EXERCISE DIRECTIONS. Whatever precedes the line containing "安徽淮南大通到泰州物流公司，一站式服务为您的货物保驾护航" is not copied; that line and every line after it through the final one below are copied exactly, except pictures.

....

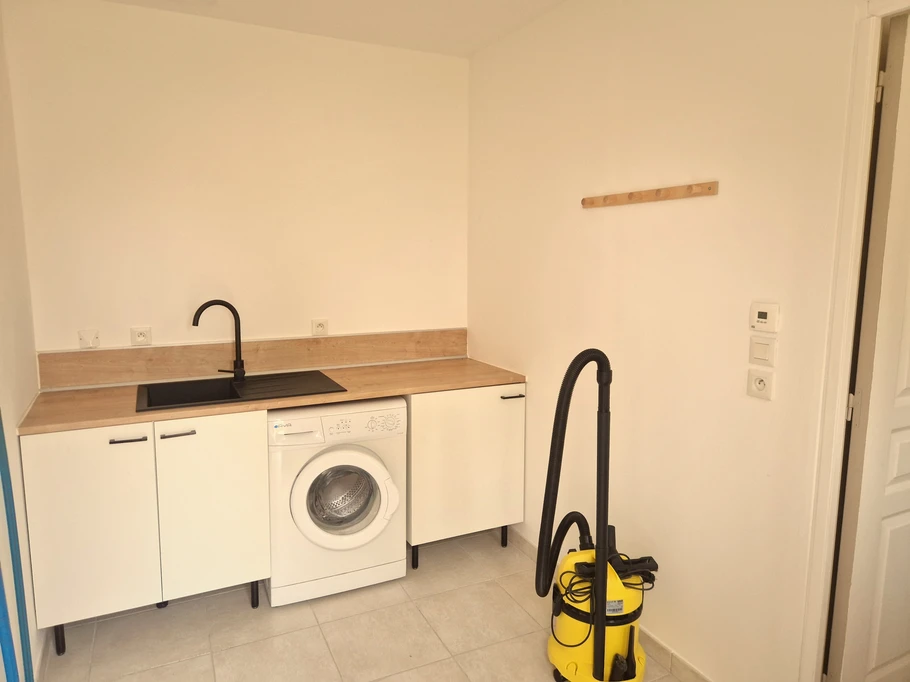 Photo n° 15 de la location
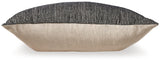 Edelmont Pillow (Set of 4) - A1000962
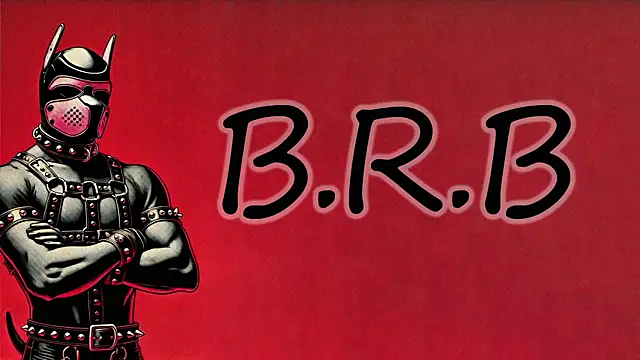 Show modela markswitch__ na web-kameri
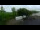 Webcam in St. Märgen, 9.4 km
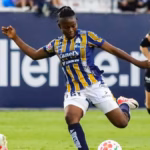 Atlético de San Luis Femenil pierde por tercera vez en casa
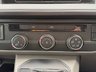 USED 2023 73 VOLKSWAGEN TRANSPORTER 2.0 TDI T28 Highline Panel Van 5dr Diesel DSG FWD SWB Euro 6 (s/s) (150 ps) 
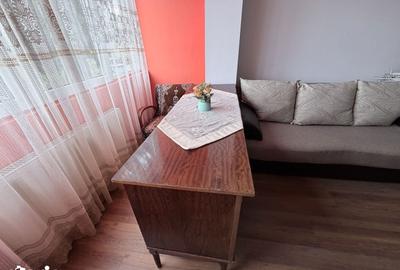 Apartament cu 2 camere decomandat în Semicentral - 5
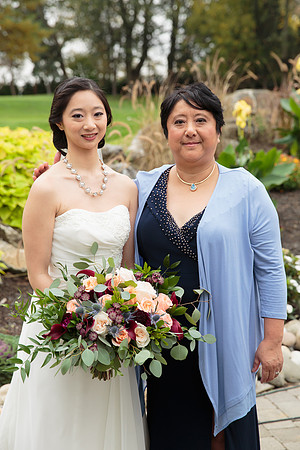 Jane & Jeff Wedding-267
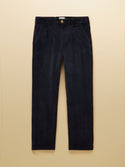 Joules Relaxed Cord Trousers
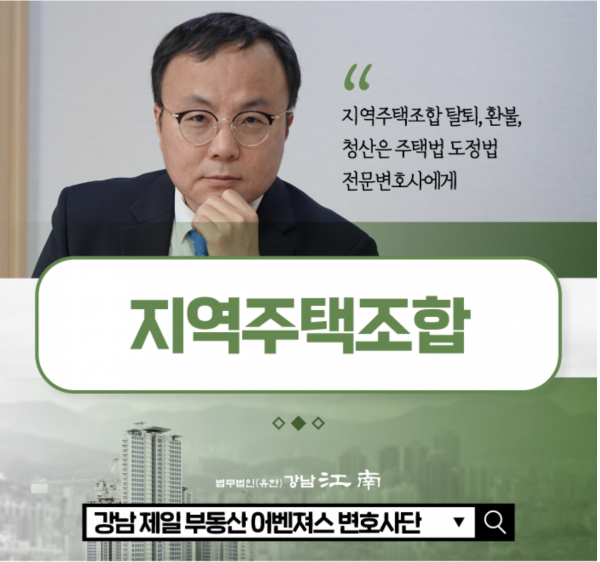 aad06a34cb46a1fd1ad64da2f085fe13_1728882286_5492.png
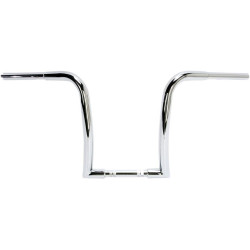 PartzBiz HD DS06013545 - Nash 14PCHDKT Chrome 1 1/4" Dimpled Pudgy Gimp Hangers 14" Harley TBW 0601-3545 06013545 PartzBiz HD DS06013545 - Nash 14PCHDKT Chrome 1 1/4" Dimpled Pudgy Gimp Hangers 14" Harley TBW 0601-3545 06013545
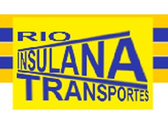 Rio Insulana Transportes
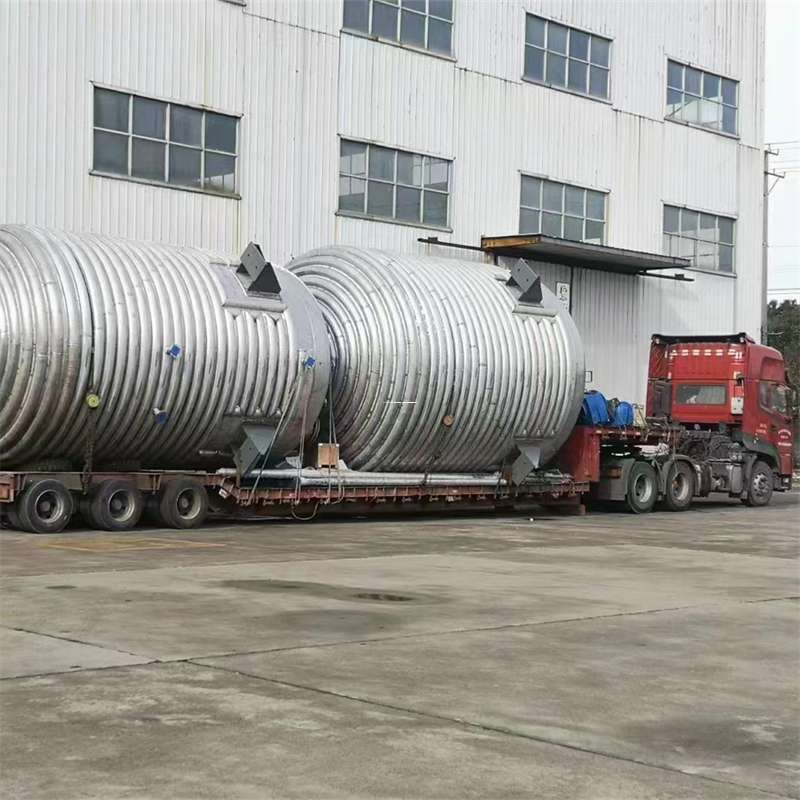 安徽淮南大通到泰州物流公司，一站式服务为您的货物保驾护航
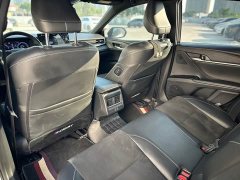 Toyota Camry Hybrid 2.0L HXS Sport Plus - photo 9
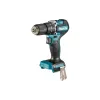 مفك براغي-مثقاب Makita (DHP487Z)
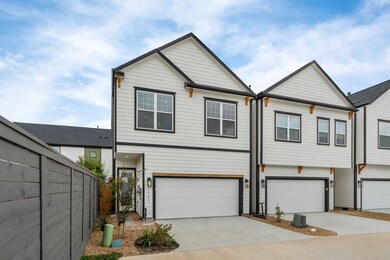 5903 Wheatley Hollow Ln, Houston, TX 77091 - photo 3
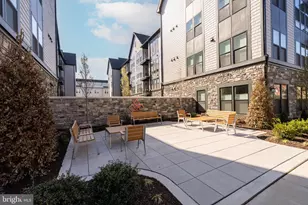 23665 Havelock Walk Ter, Ashburn, VA 20148 - Photo 3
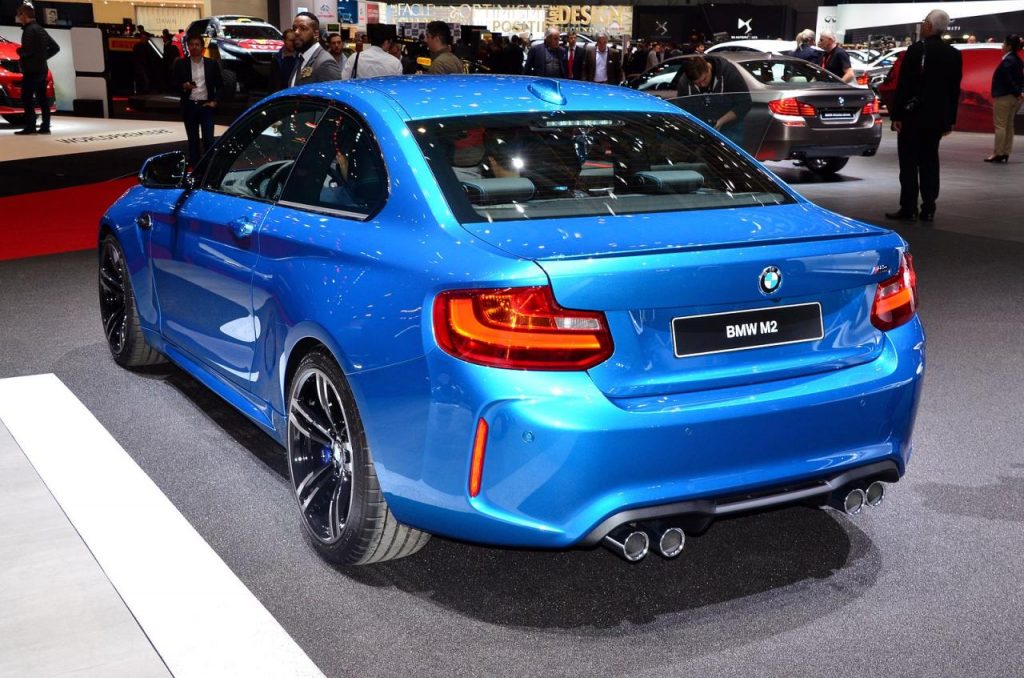 hd-genve_2016_live_bmw_m2_1-9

....

RESPONSE BELOW.
 安徽淮南大通到泰州物流公司，一站式服务为您的货物保驾护航
 Toyota Camry Hybrid 2.0L HXS Sport Plus - photo 9
 مفك براغي-مثقاب Makita (DHP487Z)
 5903 Wheatley Hollow Ln, Houston, TX 77091 - photo 3
 23665 Havelock Walk Ter, Ashburn, VA 20148 - Photo 3
 hd-genve_2016_live_bmw_m2_1-9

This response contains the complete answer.